Authors: Nick Cole
He switched off the lights and activated the night vision.
Everything was still gray and floating dust.
No good, my friend.
He switched the headlight back on and returned to normal optics.
They’ve brought the ceiling down upon us. They must have explosives.
He searched for Kyle and Trash within the swirling dust and settling debris.
Trash stumbled forward, bleeding and waving at them to push on.
Where is Kyle?
There is no time, Old Man! Move forward or you and your granddaughter and the Boy will be trapped in here too.
The Old Man gassed the engine and swiveled the gun sight forward in time to avoid Grayson’s crawling body. Large arrows jutted out of his back and chest and arm. He rose stiffly, firing his rifle wildly with one hand into a darkened arch to their left. A moment later, another massive iron spike shot from the darkness and went straight through his chest.
The Old Man could hear his granddaughter screaming.
Ahead of the tank, dust clouds, thick and ashy, swirled through a jumble of broken debris. Where the path through the casino lay the Old Man could not see.

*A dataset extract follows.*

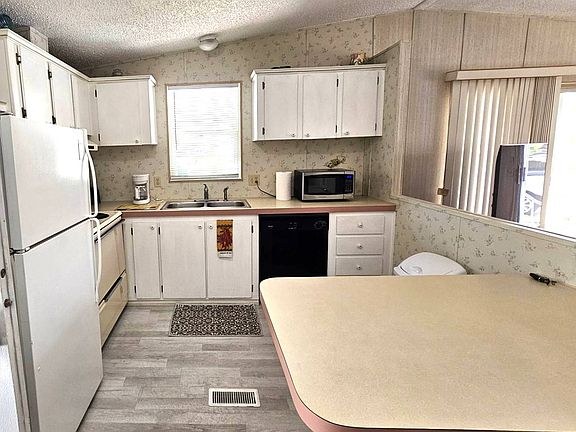 5th image of 2047 Red Cedar Dr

There is no clear way forward!
Trash appeared and waved wildly, passionately, for him to follow her now.
She is all alone out there.
And . . .
She is very brave.
And . . .
They all were.
Everywhere, the Old Man could see moving shadows and sudden figures leaping as Trash walked forward, firing at unseen foes. When they neared the far end of the arcade, a massive dirty marble fountain rose up. Above it, bodies dangled from a dome of smashed glass and skeletal ironwork directly over the darkly stained marble sculptures within the dry fountain.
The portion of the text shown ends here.